This section creates another LabelFrame widget using ttk.Labelframe, labeled "Change Voice". This widget is placed below the label frame created in section 9 in the frame widget. This label frame will contain radio buttons that allow the user to select a voice for the speech engine.

frame3 = ttk.Labelframe(frame,text='Change Voice')
frame3.grid(row=1,column=0,pady=5)

the code creates two radio buttons for the user to select the voice type. The tk.Radiobutton widget creates a radio button that can be selected or deselected by the user. The text option sets the text that appears next to the radio button, and the variable option ties the radio button to the voice_var variable, which stores the selected value (either 0 or 1). The value option sets the value of the radio button to 0 or 1, depending on whether it is the male or female option. The grid method is used to position the radio buttons within the frame3.

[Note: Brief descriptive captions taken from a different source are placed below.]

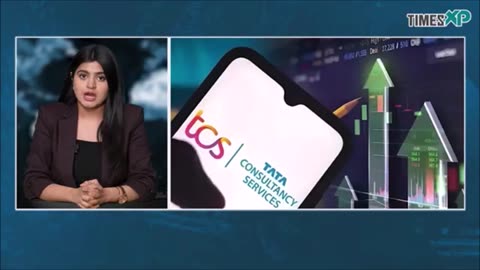 India's Biggest IT Firm TCS Cheating U.S. Visa System Blind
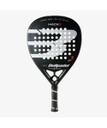 PALA BULLPADEL HACK JR 24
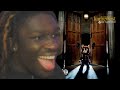 YE REALLY IS THE GOAT Kanye West Late Registration Album Reaction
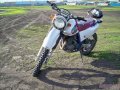 Yamaha TT-R 250 R Raid,  1994 г. в городе Тюмень, фото 5, стоимость: 100 000 руб.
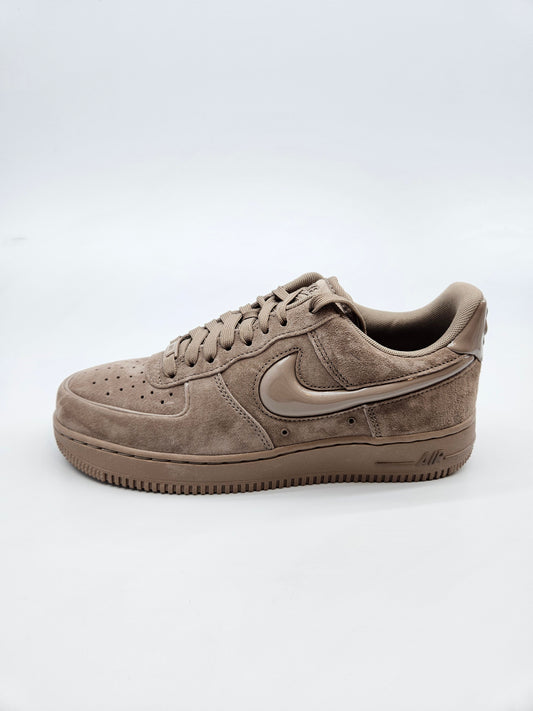 NIKE AF1 NOVI ORIGINAL PATIKI BR 41.5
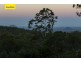 Mount Mee QLD 4521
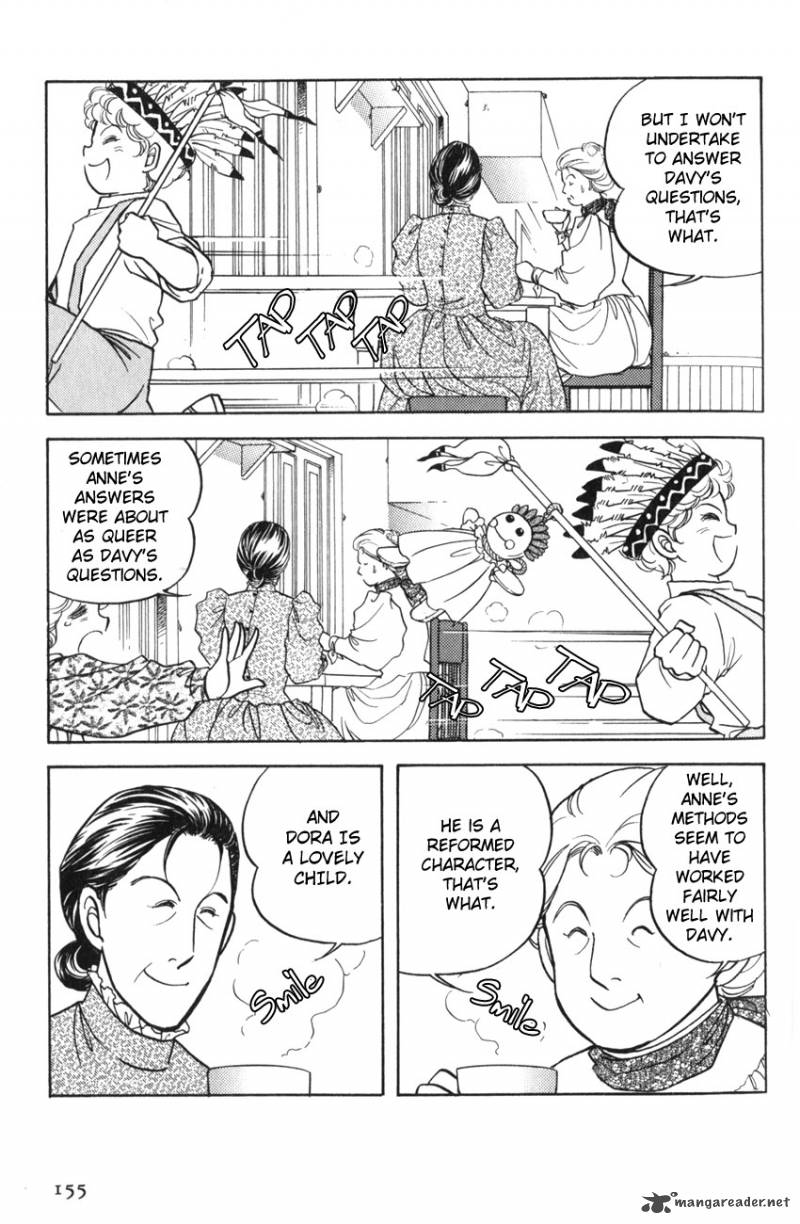Anne No Seishun 6 4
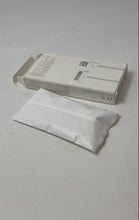 Load image into Gallery viewer, Apple White 30-Pin Dock Connector To USB Cable For iPhone iPad And iPod In Box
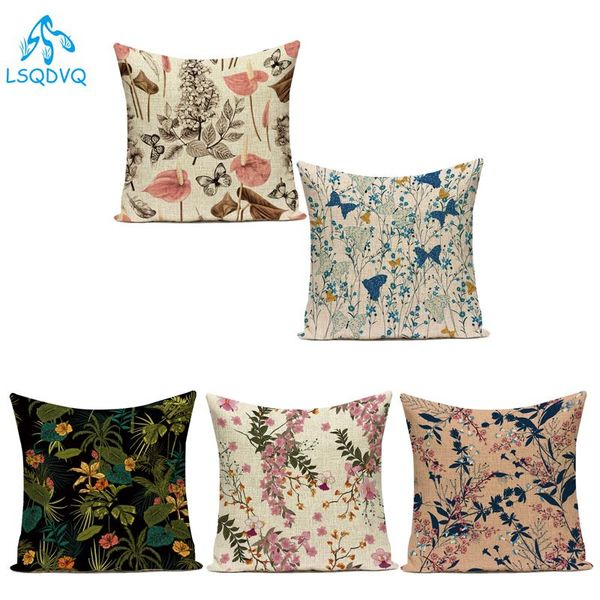 cushion/decorative pillow polyester decorative throw pillows case 3d flower plant cushion cover for sofa home living room decoration pillowc
cushion/decorative pillow polyester decorative throw pillows case 3d flower plant cushion cover for sofa home living room decoration pillowc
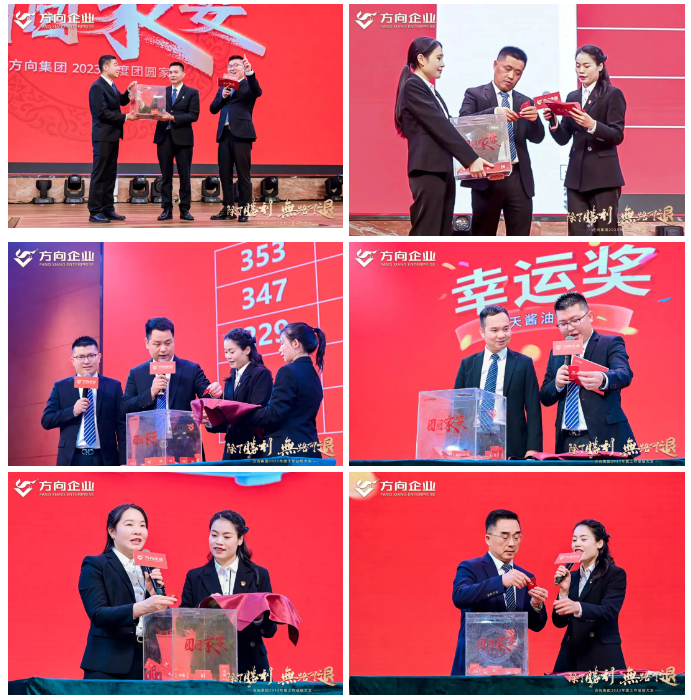 明升国际·(中国)有限公司官网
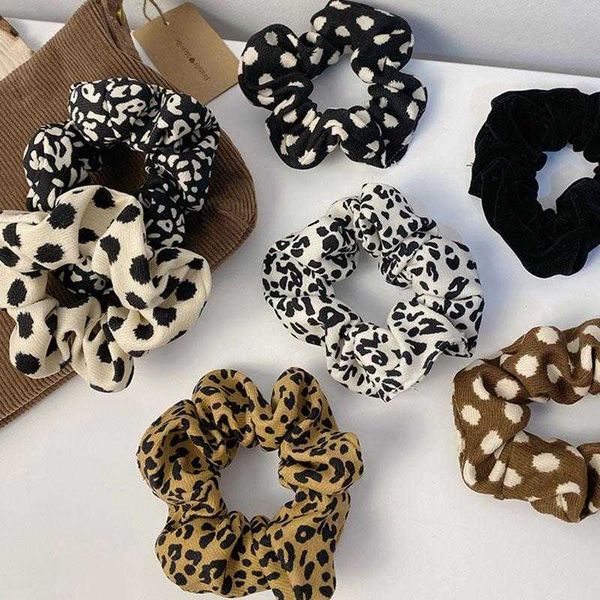 hair clips barrettes vintage leopard zebra pattern hair rope women corduroy scrunchies polka dot hair ties elastic hairbands ladies hair acc, Golden;silver
hair clips barrettes vintage leopard zebra pattern hair rope women corduroy scrunchies polka dot hair ties elastic hairbands ladies hair acc, Golden;silver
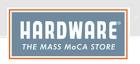 MASS MoCA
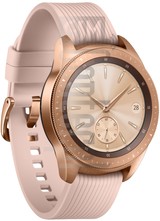 imei.infoのIMEIチェックSAMSUNG Galaxy Watch 42mm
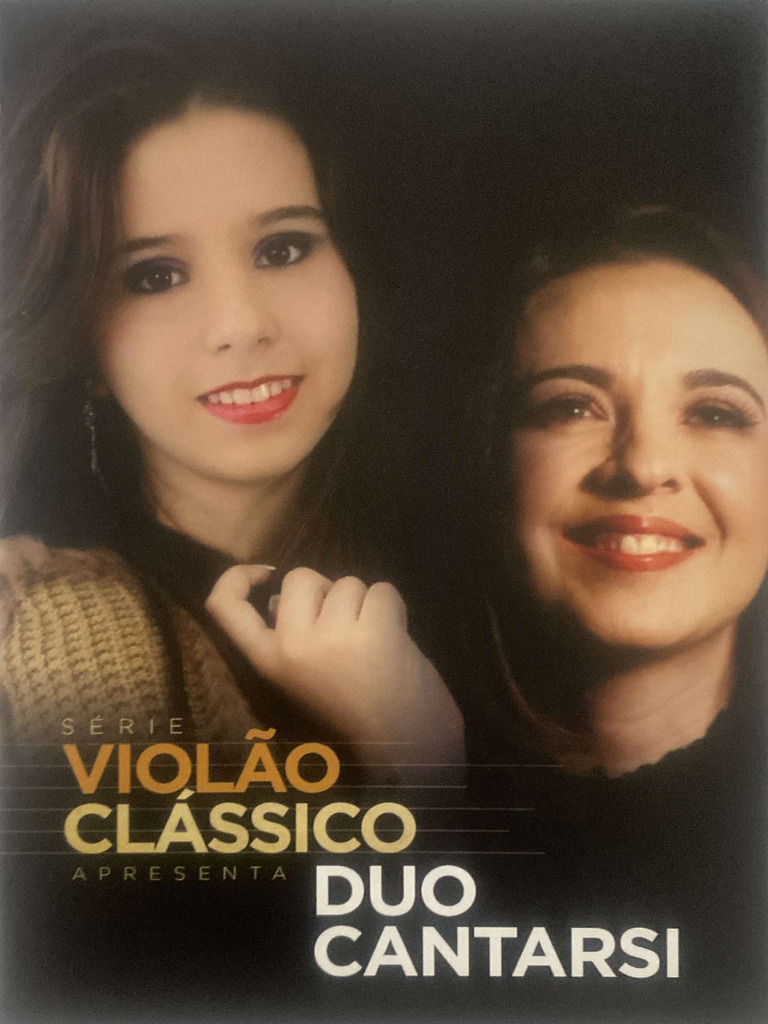 Documento Programas | PDF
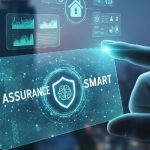 Assurance Smart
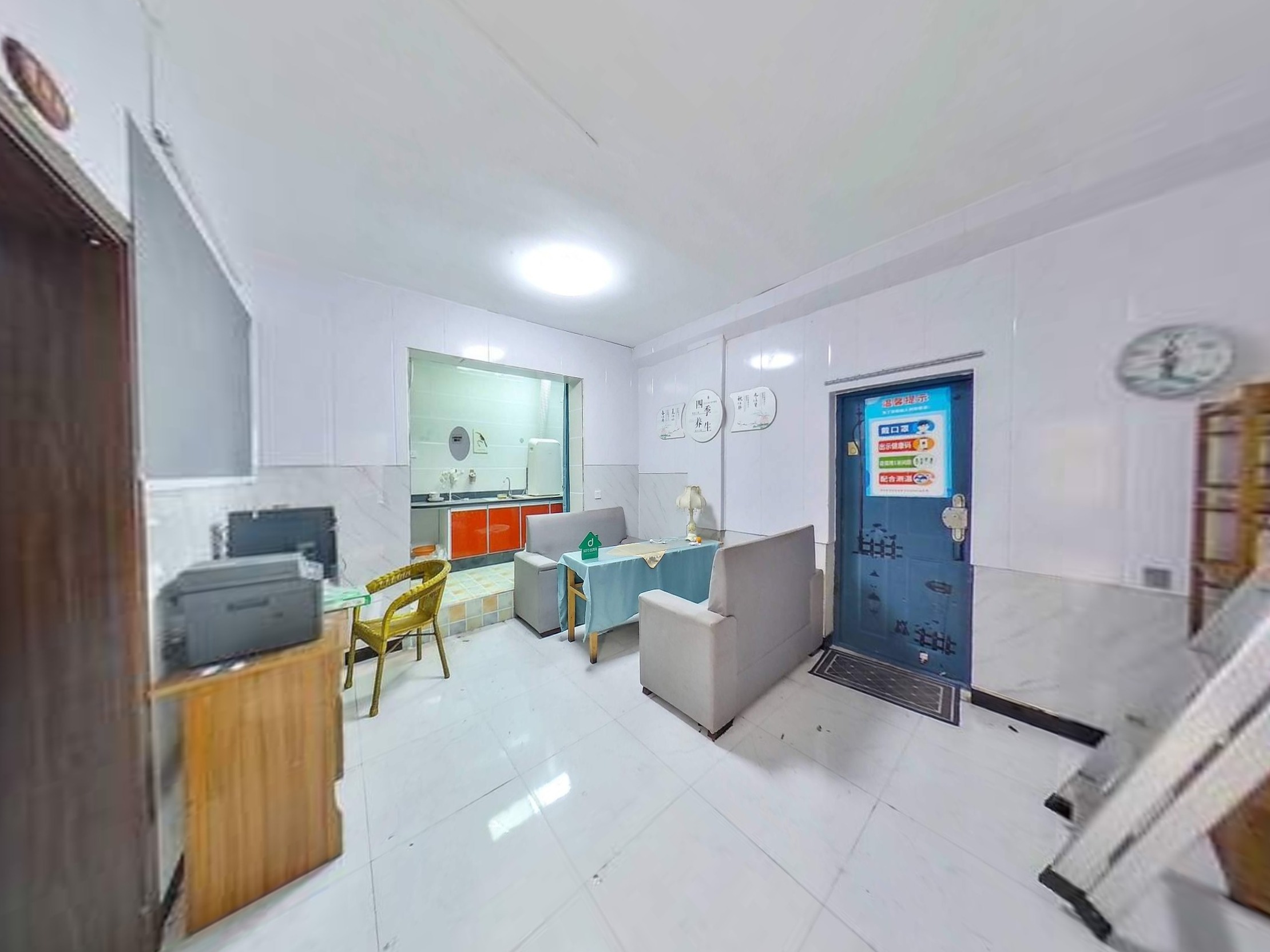 达川大道一段148-158号针织二厂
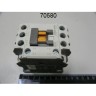 Пускатель duke 222790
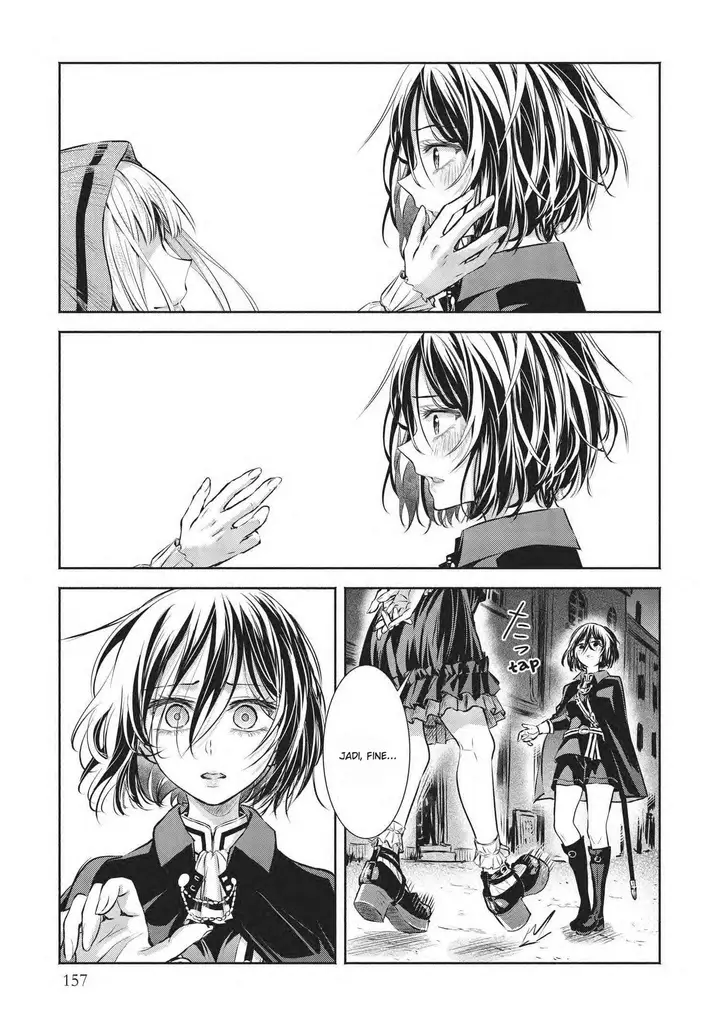 image-komik-scarlet-yuino-chiri-chapter-5.5-8/10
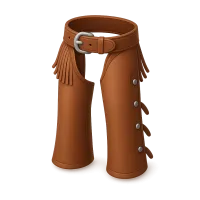 Chaps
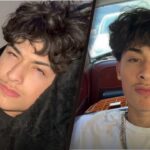 Alex Chino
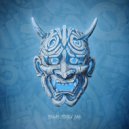 MADNORTH - Тёмная сторона луны ()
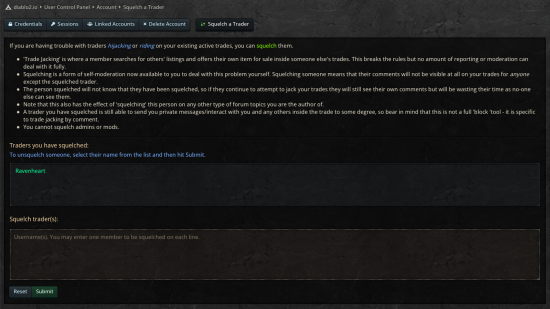 Screen Shot 2021-11-02 at 17.30.05.png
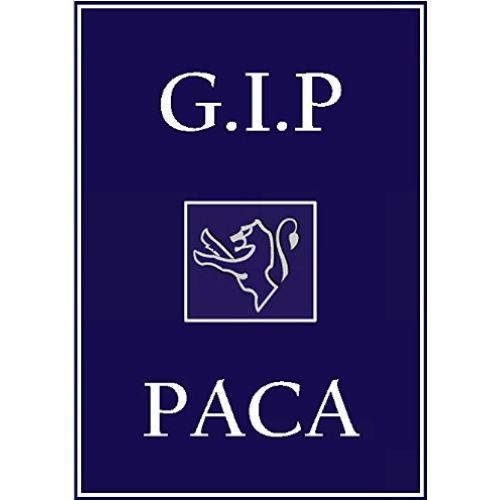 GIP PACA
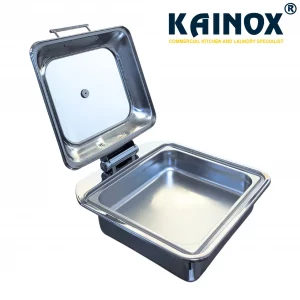 Chaffer Vuông Kingo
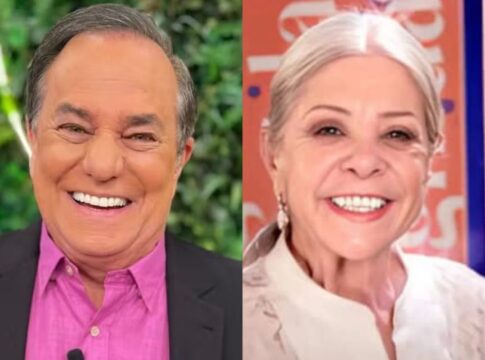 ronnie-von-faz-desabafo-emocionante-apos-morte-de-ione-borges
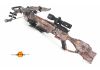 Matrix 380 Realtree Xtra Sondermodell (3204)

R1 = tk.Radiobutton(frame3, text="Male", variable=voice_var, value=0)
R1.grid(row=0,column=0,ipadx=7,ipady=5,padx=5)

R2 = tk.Radiobutton(frame3, text="Female", variable=voice_var, value=1)
R2.grid(row=0,column=1,ipadx=7,ipady=5,padx=5)

the code creates a new frame (frame4) within frame using the tk.Frame widget. This frame will be used to hold the four buttons that allow the user to interact with the program.

frame4 = tk.Frame(frame,bd=2,relief=tk.SUNKEN)
frame4.grid(row=2,column=0,pady=10)

the code creates a button (btn_1) that says "Convert & Play" and has a width of 15 characters. The command option is used to set a function to be called when the button is clicked. The lambda function is used to create an anonymous function that calls the convertAndPlay function in a new thread. The daemon option is set to True to ensure that the thread terminates when the program exits. The grid method is used to position the button within frame4.

btn_1 = ttk.Button(frame4,text='Convert & Play',width=15,
command=lambda: threading.Thread(target=convertAndPlay, daemon=True).start())
btn_1.grid(row=0,column=0,ipady=5,padx=4,pady=5)

the code creates a button (btn_2) that says "Save as Audio" and has a width of 15 characters. The command option is used to set the saveAudio function to be called when the button is clicked. The grid method is used to position the button within frame4.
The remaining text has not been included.